■ **WORK ITEM**
The data is to be repeated exactly, with the images removed.

(Captioned web image data)
═══
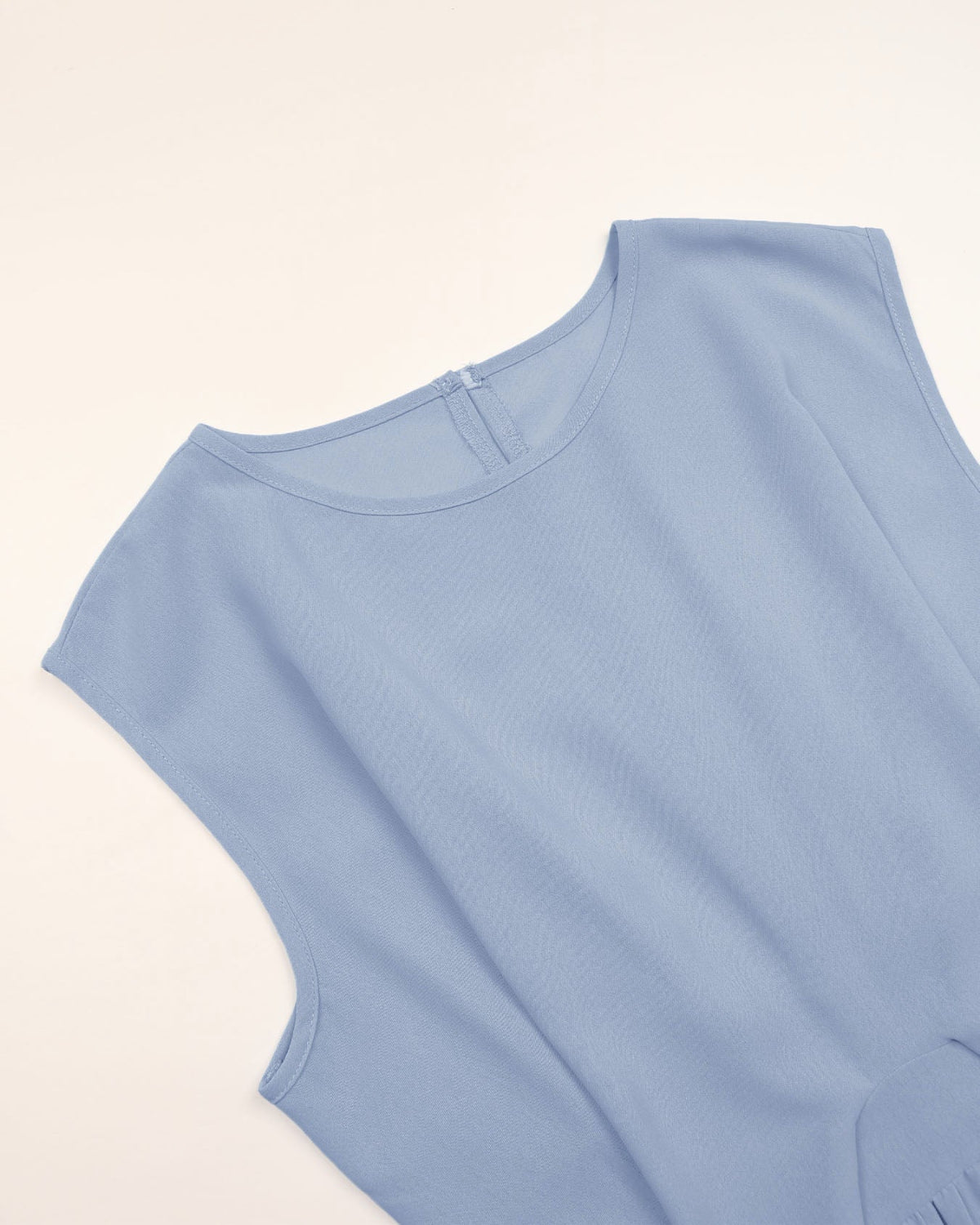 Light blue sleeveless top on a beige background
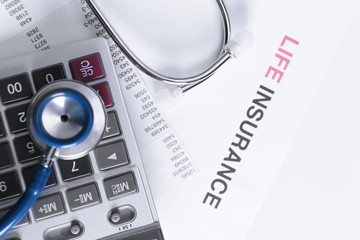 Life insurance concept. Calculator and stethoscope closeup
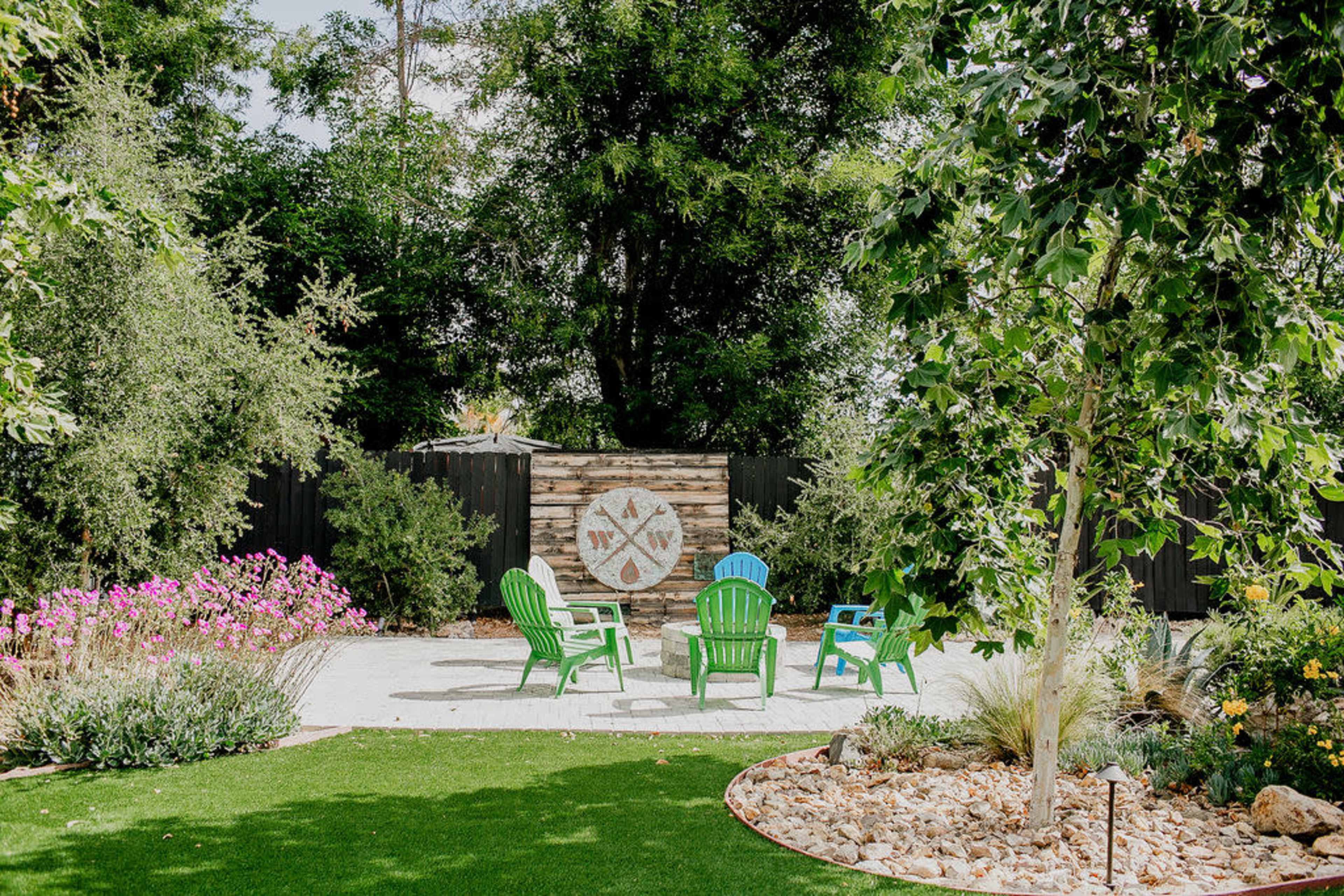 A landscaped garden features green chairs arranged around a stone pathway, with a wooden backdrop and flowering plants.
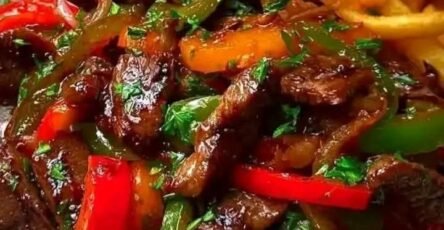 Sizzling beef stir-fry with colorful bell peppers, onions, and crispy French fries served on a plate for an easy homemade dinner.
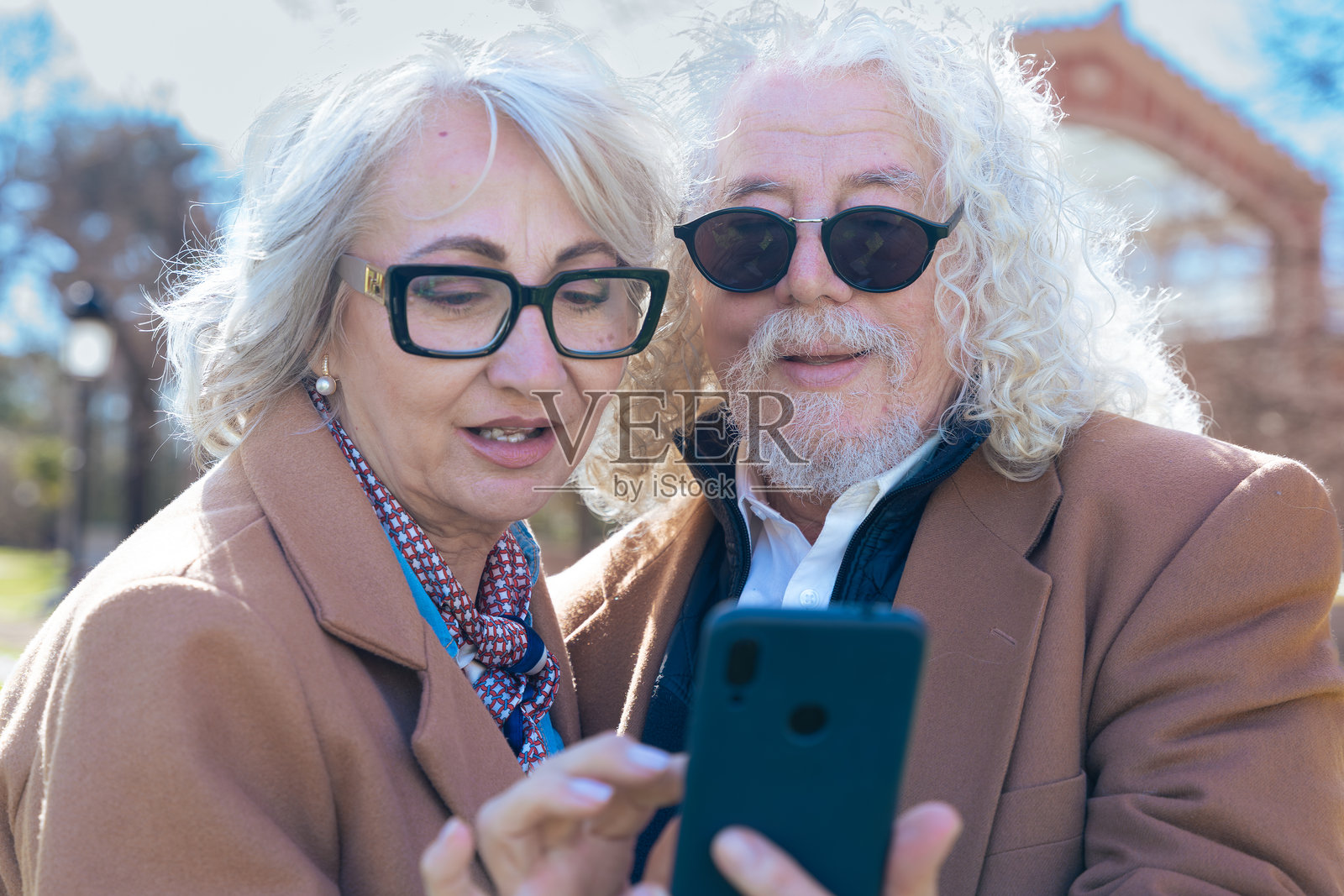 白人老年夫妇在户外使用手机浏览社交媒体应用照片摄影图片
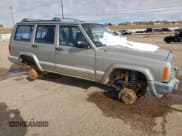 ✅ 2001 Jeep Cherokee Sport • VIN: 1J4FF48S21L574678 • Lot: 95910125. Listed on Copart with Not provided. Free auction sales archive from the USA and detailed vehicle history report at DreamBid. Image 4.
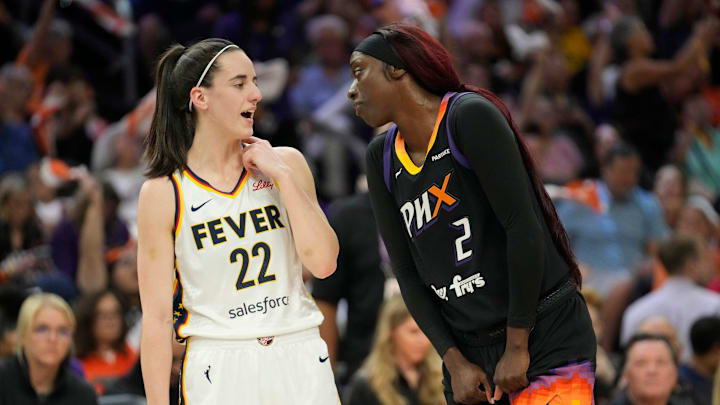 Indiana Fever guard Caitlin Clark (22) talks with Phoenix Mercury guard Kahleah Copper (2) during the first quarter at Footprint Center on June 30, 2024, in Phoenix.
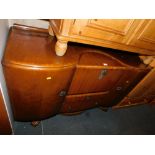 A mid 20thC walnut sideboard, enclosing a cocktail cabinet.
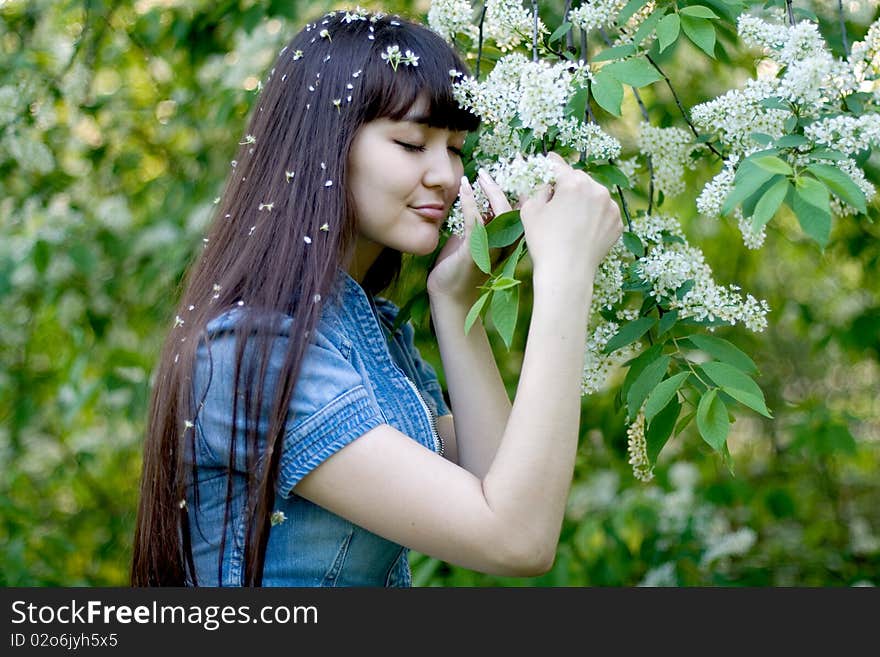 Girl standing near lilac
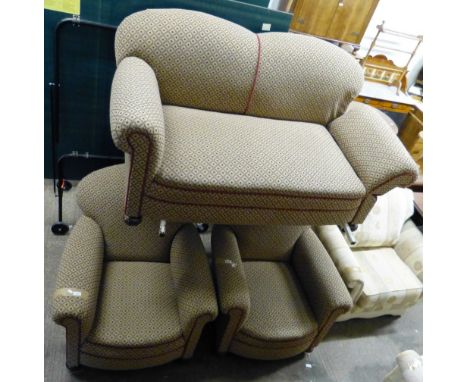 A re-upholstered early 20th century three-piece suite, the two-seater sofa with drop arm together with two armchairs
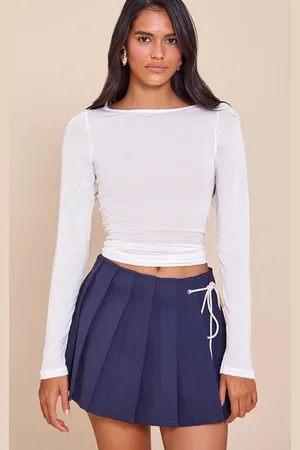 PRETTYLITTLETHING Navy Bow Detail Pleated Mini Skort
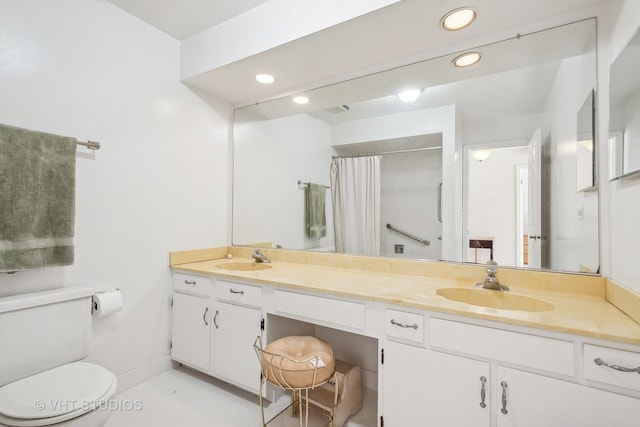 bathroom featuring curtained shower, vanity, and toilet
═══
■ **SOLUTION TO THIS PROBLEM**
 Light blue sleeveless top on a beige background
 Life insurance concept. Calculator and stethoscope closeup
 A landscaped garden features green chairs arranged around a stone pathway, with a wooden backdrop and flowering plants.
 Sizzling beef stir-fry with colorful bell peppers, onions, and crispy French fries served on a plate for an easy homemade dinner.
 白人老年夫妇在户外使用手机浏览社交媒体应用照片摄影图片
 ✅ 2001 Jeep Cherokee Sport • VIN: 1J4FF48S21L574678 • Lot: 95910125. Listed on Copart with Not provided. Free auction sales archive from the USA and detailed vehicle history report at DreamBid. Image 4.
 Indiana Fever guard Caitlin Clark (22) talks with Phoenix Mercury guard Kahleah Copper (2) during the first quarter at Footprint Center on June 30, 2024, in Phoenix.
 A mid 20thC walnut sideboard, enclosing a cocktail cabinet.
 Girl standing near lilac
 A re-upholstered early 20th century three-piece suite, the two-seater sofa with drop arm together with two armchairs
 PRETTYLITTLETHING Navy Bow Detail Pleated Mini Skort
 bathroom featuring curtained shower, vanity, and toilet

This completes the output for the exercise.